Supplied records Start Marker
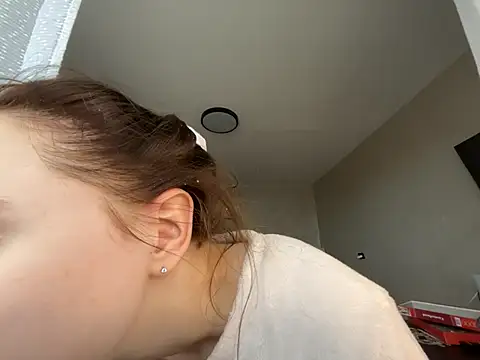 bimboiiii online show from August 2026 01:46:02 PM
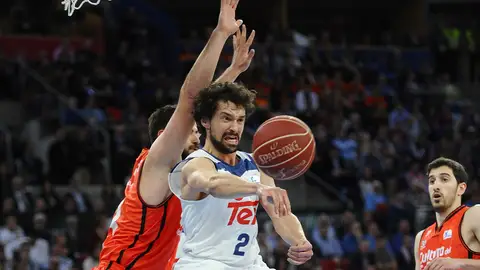 Sergio Llull, en acción ante el Valencia Basket Sergio Llull, en acción ante el Valencia Basket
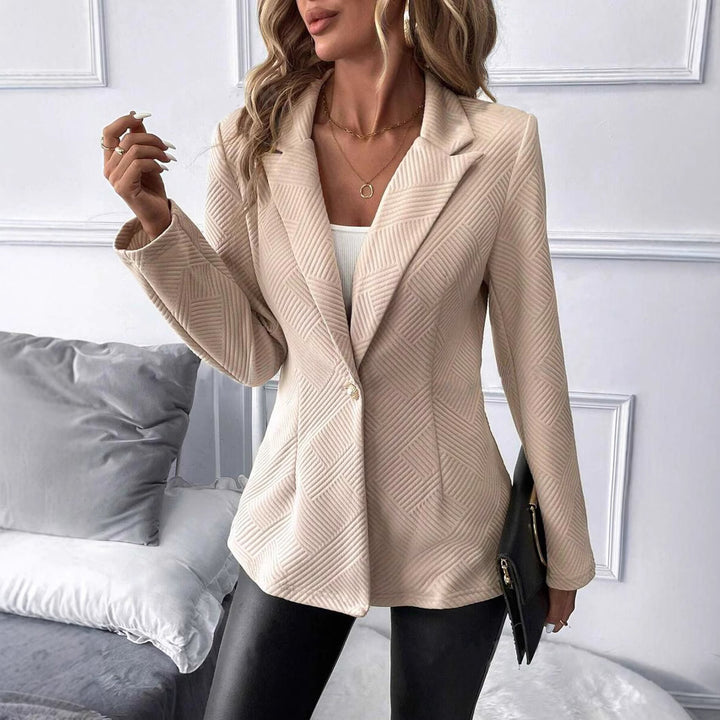 Veste élégante pour femmes avec design texturé et fermeture à bouton pratique Lune London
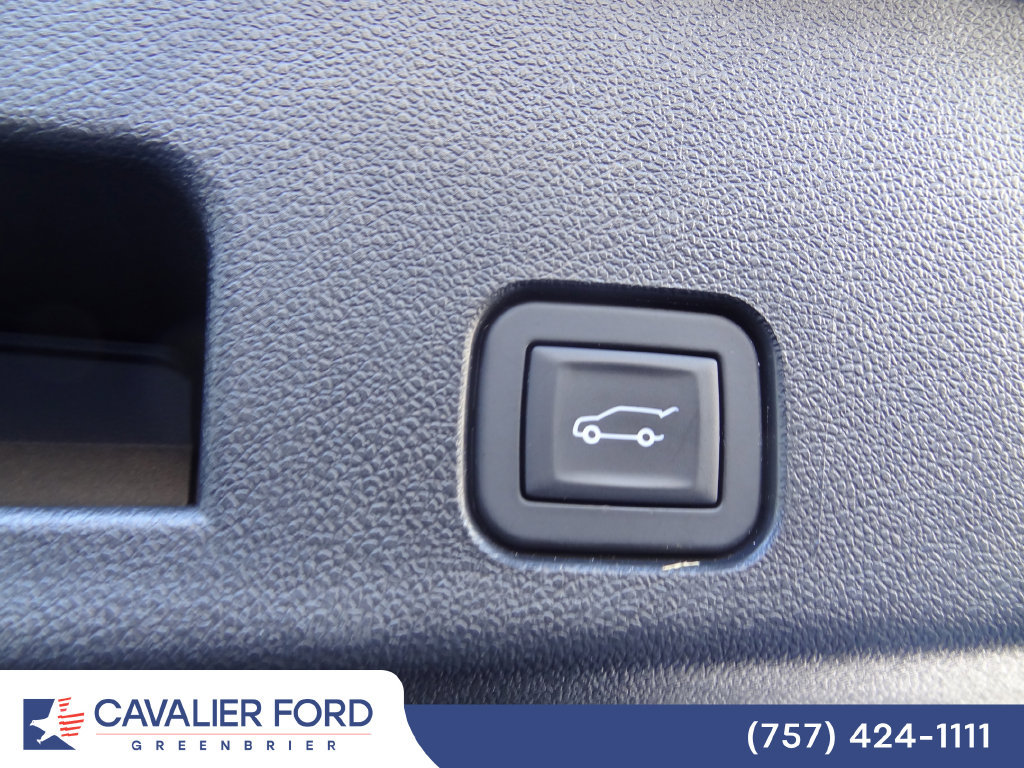 Used 2026 GMC Acadia Elevation w/ Super Cruise Package FWD image 12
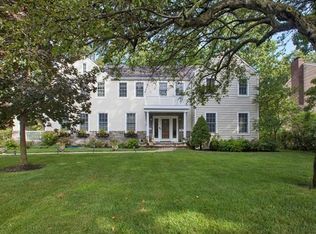 10 Robinhood Rd, White Plains, NY 10605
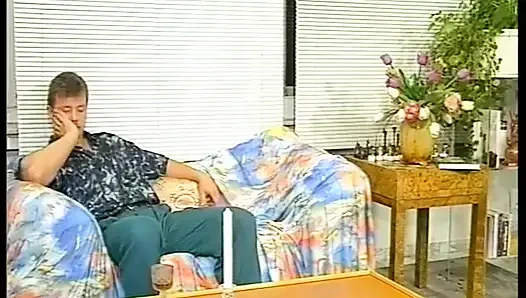 Alman Kapılarının Arkasında Özenle Siktir Edilir - Tam Film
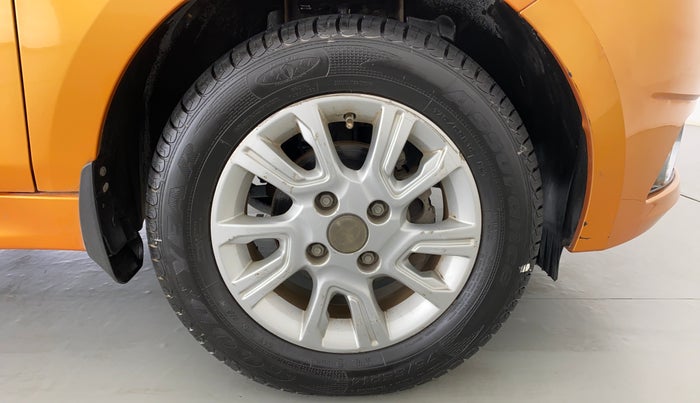 2016 Tata Tiago XZ 1.2 REVOTRON, Petrol, Manual, 13,354 km, Right Front Wheel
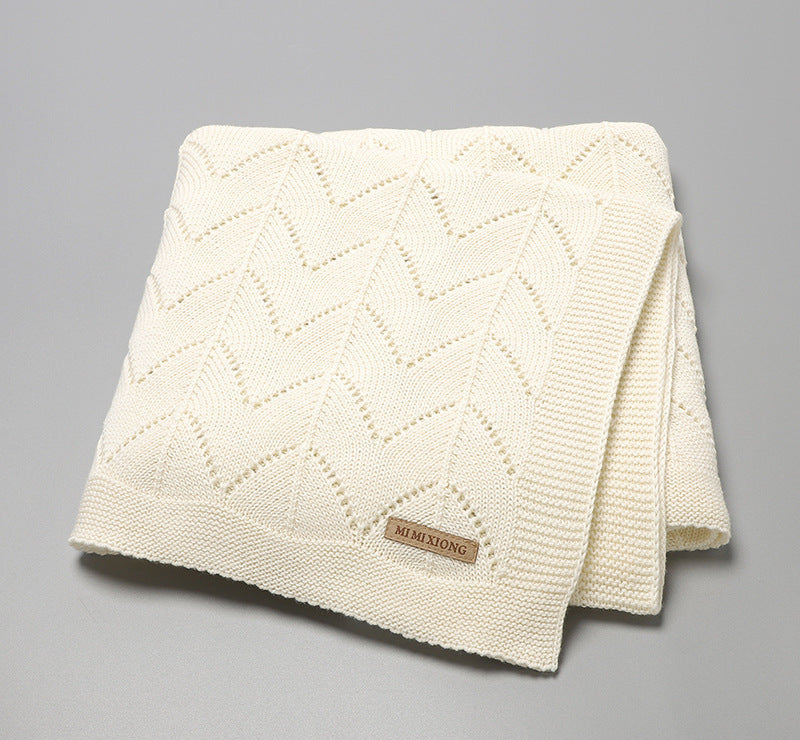 SoftRipple Blanket – Wavy Cut-Out Knitted Baby Blanket, Solid Colour Quilt for Newborns & Infants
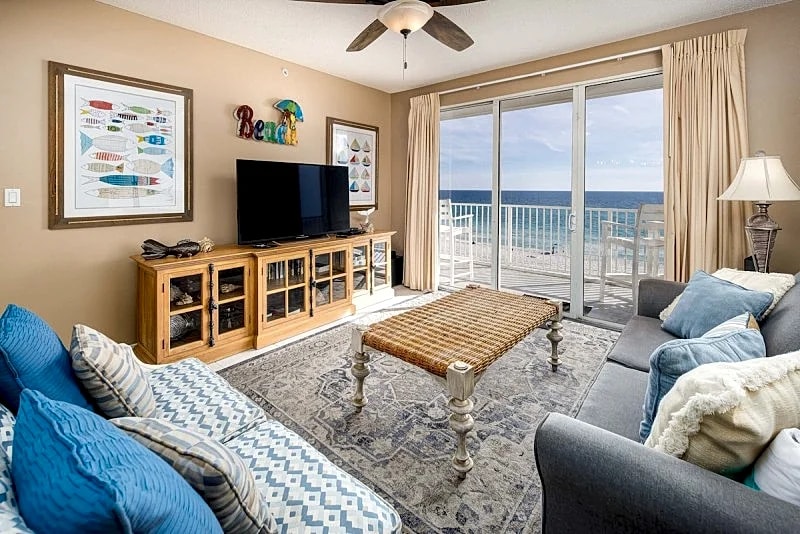 Gulf Dunes 510: Beautiful beach front corner unit, pools, & FREE BCH SVC! in Fort Walton Beach, Florida, United States — photo 2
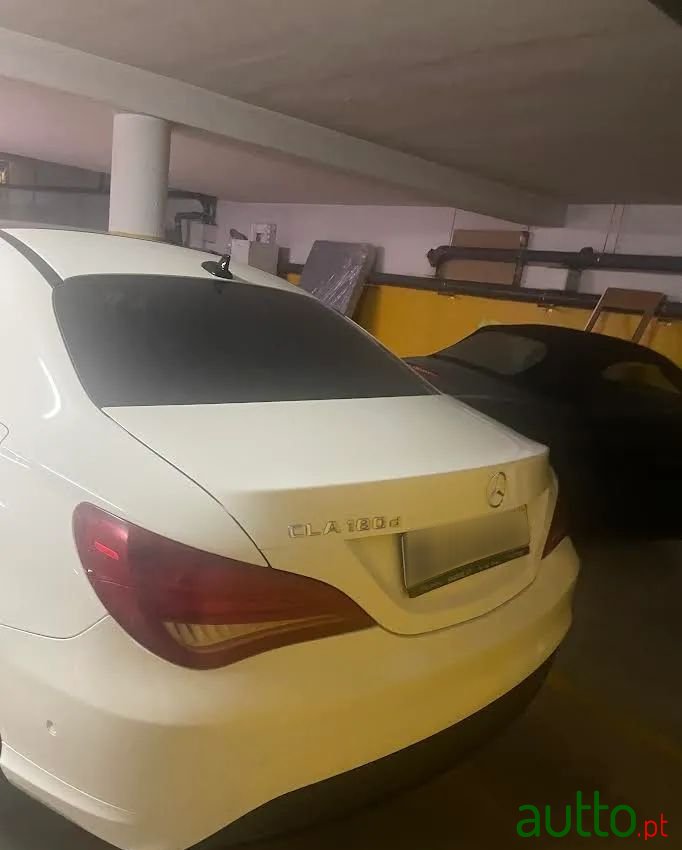 2015' Mercedes-Benz 180 photo #6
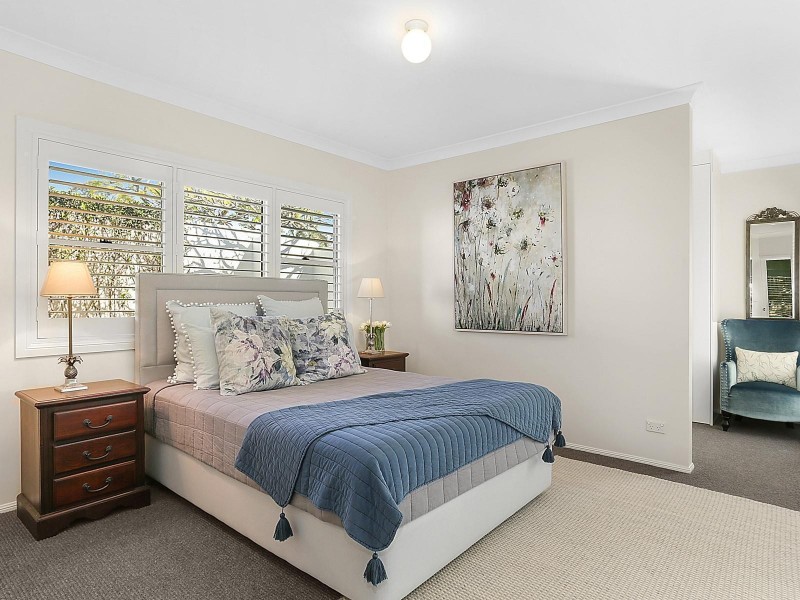 108 Hawken Drive, St Lucia QLD 4067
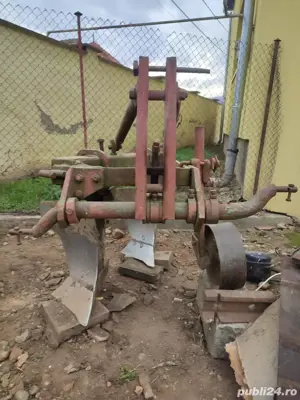 Vand plug pentru tractor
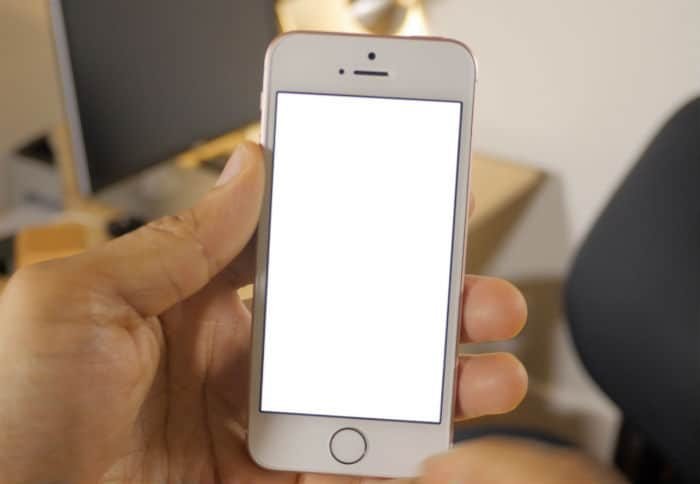 conspiración letal federación Problemas con la cámara del Apple iPhone SE: fotos borrosas, fuera de foco,  el flash no funciona, la aplicación de la cámara no está disponible [Guía  de solución de problemas] | Apple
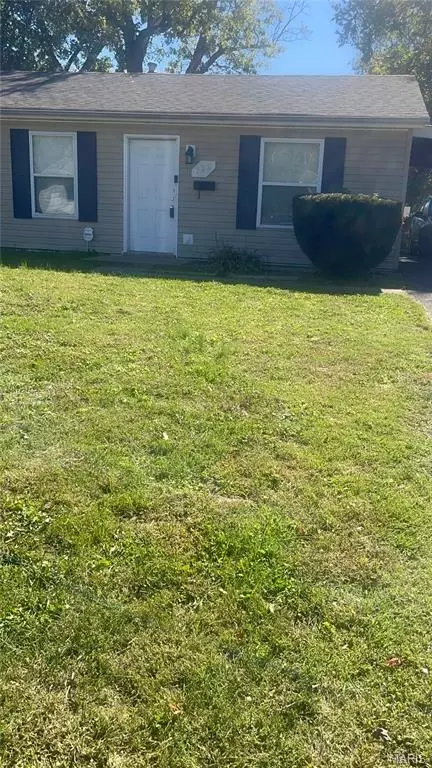122 Lazarcheff Dr, Cahokia, IL 62206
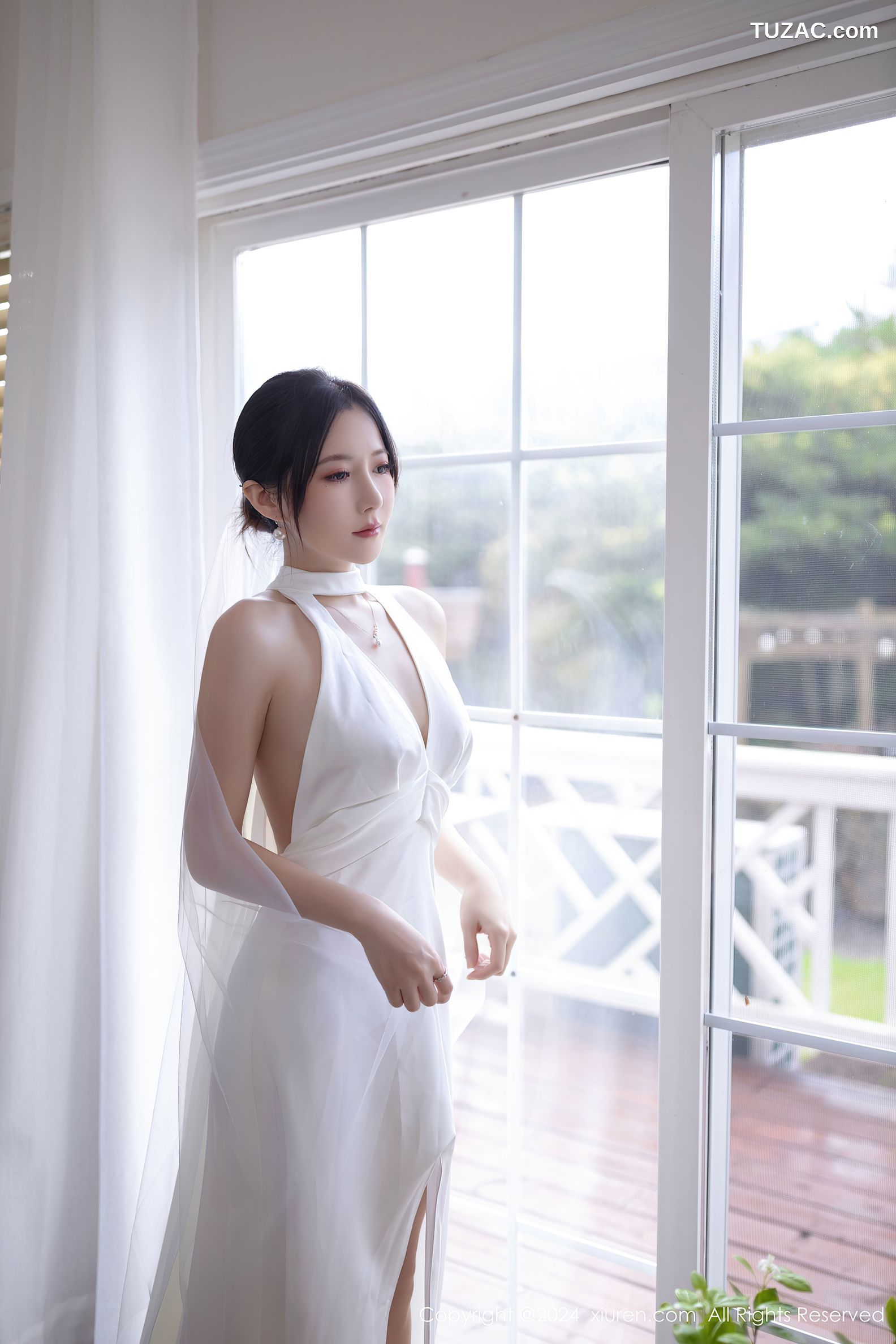 XiuRen秀人网-9387-鱼子酱Fish-户外妩媚新娘白纱爆乳-2024.11.01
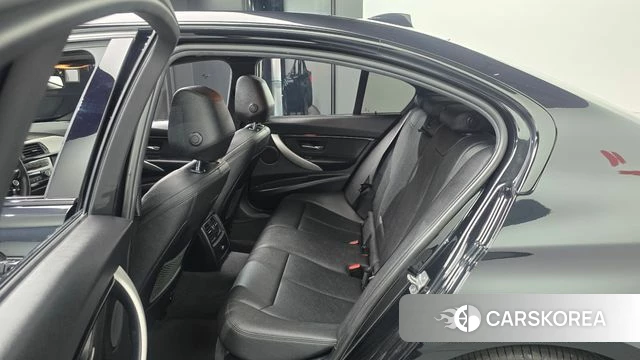 BMW 3 Series (F30) 2018 Черный из Кореи, фото 3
Supplied records End Marker
Task to carry out:
Make an exact copy of every entry above, minus the images.

Solution for this problem:
 bimboiiii online show from August 2026 01:46:02 PM
 Sergio Llull, en acción ante el Valencia Basket Sergio Llull, en acción ante el Valencia Basket
 Veste élégante pour femmes avec design texturé et fermeture à bouton pratique Lune London
 Used 2026 GMC Acadia Elevation w/ Super Cruise Package FWD image 12
 10 Robinhood Rd, White Plains, NY 10605
 Alman Kapılarının Arkasında Özenle Siktir Edilir - Tam Film
 2016 Tata Tiago XZ 1.2 REVOTRON, Petrol, Manual, 13,354 km, Right Front Wheel
 SoftRipple Blanket – Wavy Cut-Out Knitted Baby Blanket, Solid Colour Quilt for Newborns & Infants
 Gulf Dunes 510: Beautiful beach front corner unit, pools, & FREE BCH SVC! in Fort Walton Beach, Florida, United States — photo 2
 2015' Mercedes-Benz 180 photo #6
 108 Hawken Drive, St Lucia QLD 4067
 Vand plug pentru tractor
 conspiración letal federación Problemas con la cámara del Apple iPhone SE: fotos borrosas, fuera de foco,  el flash no funciona, la aplicación de la cámara no está disponible [Guía  de solución de problemas] | Apple
122 Lazarcheff Dr, Cahokia, IL 62206
 XiuRen秀人网-9387-鱼子酱Fish-户外妩媚新娘白纱爆乳-2024.11.01
 BMW 3 Series (F30) 2018 Черный из Кореи, фото 3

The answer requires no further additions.